I too have taken to rolling slowly up to speed, letting off the gas long before a stoplight, and trying to be less aggressive with the gas pedal.

Semper Fi

ETA: SkyCat, you beat me to the punch!!! I should have read the entire post. Funny, we used almost the same words.
Link Posted: 9/10/2005 4:21:14 PM EDT
I stopped mashing the pedal. I keep RPM's to a nominal. I hold clutch in and idle down most long hills. I turn off vehical while waiting at bank, long red lights, trains etc.... Kepp good check on tires and general tune ups.
Link Posted: 9/10/2005 4:29:18 PM EDT
I drive my 98 Lumina about 22miles, each way, to work five days a week. I used to drive about 73-75mph, sometimes more. On this last tank, I never drove over 70, usually averaged around 67mph.

Before, about 23mpg
After, at 67mph, about 27mpg

Since I was always dodging around trucks and back into the right lane, I'm not sure it's worth it.
Link Posted: 9/10/2005 4:35:16 PM EDT
1999 GMC K-3500 pickup, standard cab, longbed, single rear wheels

I find when I drive 70-75, I get 13 MPG.
At 55, I get 16 MPG.
At $3.50 a gallon, it cost me about $8.25 an hour to drive 70 mph.
Link Posted: 9/10/2005 4:46:00 PM EDT
A few easy ways to stretch your gasoline mileage. Be sure the tires are inflated to the recommended pressures. Personally for me, I inflate them beyond the factory. The higher the pressure the less the rolling resistance, for me that is an 5-10% increase in mileage. The factory recommended tire pressure assume a a boulvard-type ride. If you put in more, the ride could get a little more pitchy or harsh.

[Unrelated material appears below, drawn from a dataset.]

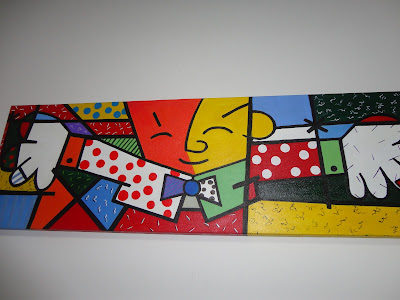 Releitura da obra do artista Romero Britto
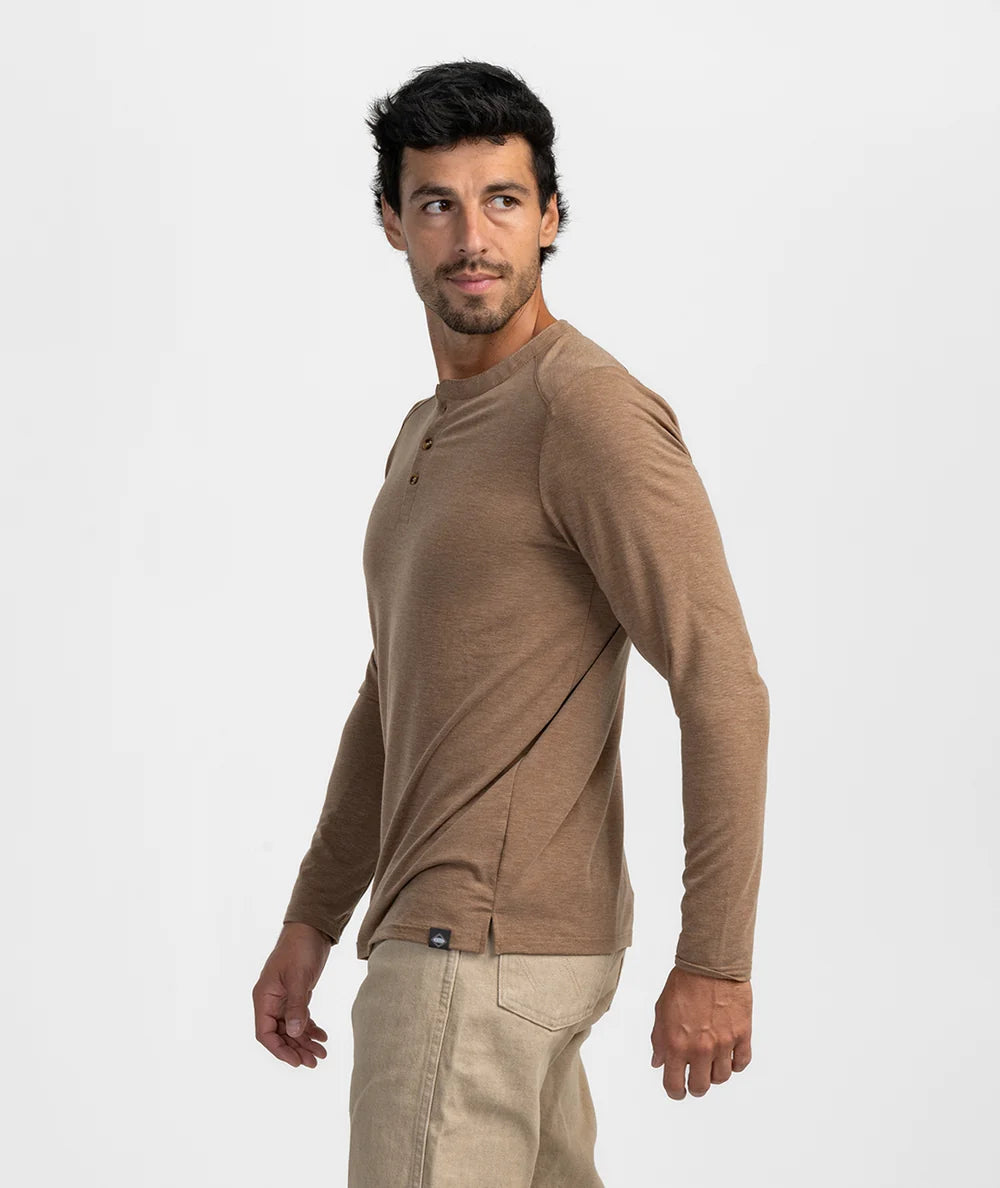 Walnut Max Comfort Henley LS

Is your intake air filter clogged? That will cut gasoline mileage. Remove and replace or blow out the dust with an air hose.

The best indicator for gasoline mileage is press down gently on the accelerator, pretend that you've got an egg between your foot and the pedal.

The tachometer is not a good indicator of good gasoline mileage. You may want to get vacuum gauge. On vacuum gauge try to keep the vacuum as high as possible. You will notice that if you floor the throttle the vacuum will go to zero indicating poor gas mileage. But if you gently press down on the throttle, keeping needle as high as possible, this is where you're getting the best gas mileage. Of course "your mileage may vary."